Sublime Forum

Syntax highlighting guidelines

#1

Are there are any guidelines for developing Syntax Definitions in regards to handling invalid syntax? I’ve noticed that many of the syntax definitions are generous in allowing invalid syntax, and using “invalid” scopes is rare.

I have a few guesses why this might be, is this correct?

  • Simplifies the syntax definition.
  • Helps with performance.
  • Avoids flickering and odd highlighting while the user is typing.

I’m wondering how to decide the balance between a simplified syntax, and providing the user with real-time feedback that something is invalid.

0 Likes

#2

I suspect it depends greatly on the language. In my own package, whenever possible, I do indicate invalid syntax. In other areas if someone writes a statement that doesn’t belong in a block (an assignment in a declaration region) it should not scope properly and will not be identified as an assignment. This isn’t scoped invalid, and it’s an interesting question as to whether it should.

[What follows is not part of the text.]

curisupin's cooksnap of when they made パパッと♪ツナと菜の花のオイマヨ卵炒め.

I know in another case due to limitations of the engine and the way I created contexts, I simply cannot mark some identifiers as invalid. This is usually the case where the user can match an identifier from a previous clause and I’ve lost the capture.

1 Like

#3

Personally, I try to err on the side of graceful highlighting even for invalid code. Flickering is one reason; it would be awful if invalid code always brought forth angry splotches of magenta. Another reason is recontextualization; it’s nice if a code snippet into a temporary buffer is highlighted even if it’s invalid out of context. When I wrote my Oracle syntax, a key design goal was that disconnected snippets should be highlighted properly. Example:

runQuery("select #expr# as foo from #table# where id=:id and active=1", { id: 42 });

As far as the Oracle syntax knows, that’s select as foo from where id= and active=1. Even though this is invalid, I expect the syntax to handle it. One of the key benefits of the architecture I devised for that syntax is that tokens are optional by default; missing tokens will be skipped and ignored.

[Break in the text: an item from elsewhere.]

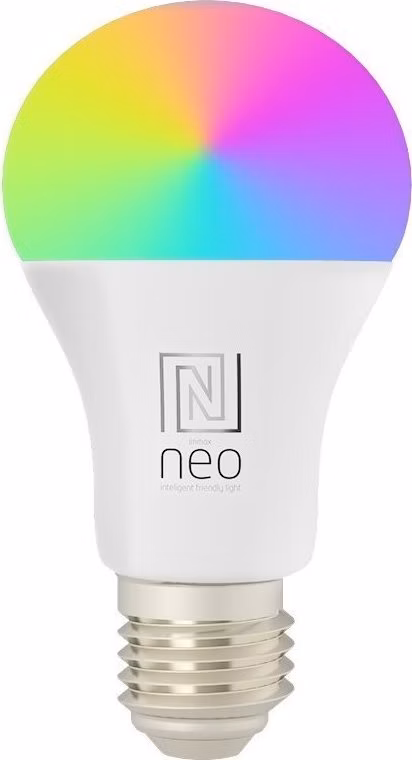 IMMAX NEO SMART LED žárovka E27 11W RGB+CCT barevná a bílá, stmívatelná, Zigbee, TUYA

In a perfect world, I would expect a linter to catch syntax errors, obviating any such functionality in the syntax. However, quality linters aren’t always available (or used when available) and it’s not unreasonable for the syntax to catch some of the lowest-hanging fruit, like unmatched close parens, invalid escapes, and so forth. However, more sophisticated error handling is often impossible in Sublime’s parser, particularly in complex languages like JavaScript and C.

2 Likes

#4

I tend to try to be helpful - mark anything obviously invalid (syntax, stray close brackets etc.) as invalid, but try to minimize what gets scoped as invalid while code is still being typed.

2 Likes

#5

What it generally comes down to is the fact that, for an editor, invalidity is the common case. You’re in the process of typing code; naturally it’s not going to be perfectly valid on a character-by-character basis. For this reason, use of invalid scopes generally produces a really bad experience. Most of the work I do on the Scala mode, for example, actually involves making it more tolerant of bad buffer states, usually in the form of context bail-outs and such, but sometimes in the form of eliminating invalid (or restricting it).

invalid generally works well for things that are never intended to exist, even transiently. Mismatched parentheses are a good example of this. Another decent example is Scala’s class inheritance syntax, which requires the first clause be delimited by extends and all subsequent clauses use with, meaning that we can and should mark with without extends as being invalid, and similarly with doubled extends.

Just be very, very careful about invalidity. Think about what happens as you type each construct. No one likes to see large swaths of their buffer flash to-and-from hot pink on a character-by-character basis.

2 Likes